I've seen this happen too many times: an account grows from $1,000 all the way to a million, only to get wiped out completely because of one impulsive trade.
Roller-coaster trading—this extreme, all-or-nothing strategy—is a hundred times more thrilling than simply holding coins. You either take off instantly, or crash right back to square one.
There's a guy in the scene, had only $1,000 left for living expenses, but managed to turn it into $100,000 in three months with this method. The core is just three words: ruthless, precise, patient.
The method is actually pretty simple:
100x leverage, all-in with profits, stick to a single direction.
He started with 300u for practice, opening only $10 positions each time, maxing out leverage. Make 1% profit and you double up, take out half the earnings, roll the other half. The math doesn't lie—if you get it right 11 times in a row, $10 can turn into $10,000.

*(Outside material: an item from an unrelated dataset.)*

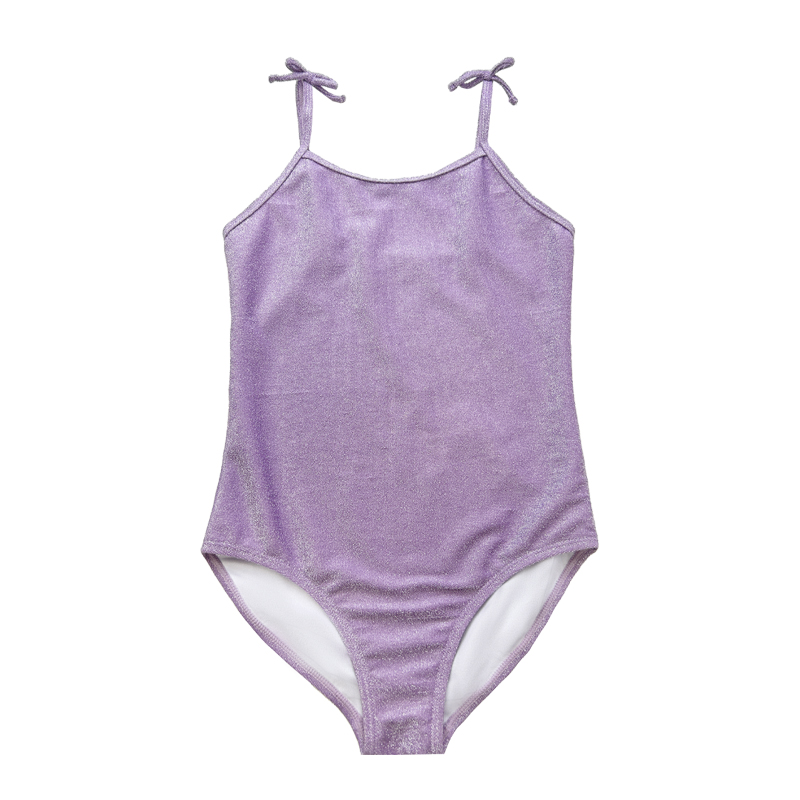 Traje de baño de una pieza de un alambre de plata de la proa de losniños púrpura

But why do 90% end up blowing up?
Because of human nature:
- When making money, greed keeps you from stopping
- When losing, you can't accept it and double down
- Direction keeps shifting, and the market slaps you around
My own rules are cold to the point of being ruthless:
Wrong direction? Cut losses instantly, no excuses.
Wrong 20 times in a row? Forced to take a day off, don’t fight the market.
Rolled up to 5,000u? Must withdraw, don’t let emotions fester.
Last year there was a major market move—I rolled $500 up to $500,000 in three days. Sounds awesome? But you didn’t see the four months I waited beforehand, watching like a cheetah stalking its prey until the trend was fully formed.
Roller-coaster trading was never about trading daily or staring at the screen all the time—
It’s an extreme approach of “only striking hard when the opportunity is perfect.”
A lot of people now ask if it’s possible to keep rolling?
First, ask yourself three questions:
Is the market volatility big enough?
Is the direction clear, one-sided, and noise-free?
Can you take just the middle chunk, without being greedy for the top or the bottom?
If all three are “yes”—go for it.
If even one is “no,” then just watch from the sidelines. Otherwise, what you’re rolling isn’t your position size, it’s your mindset and your principal.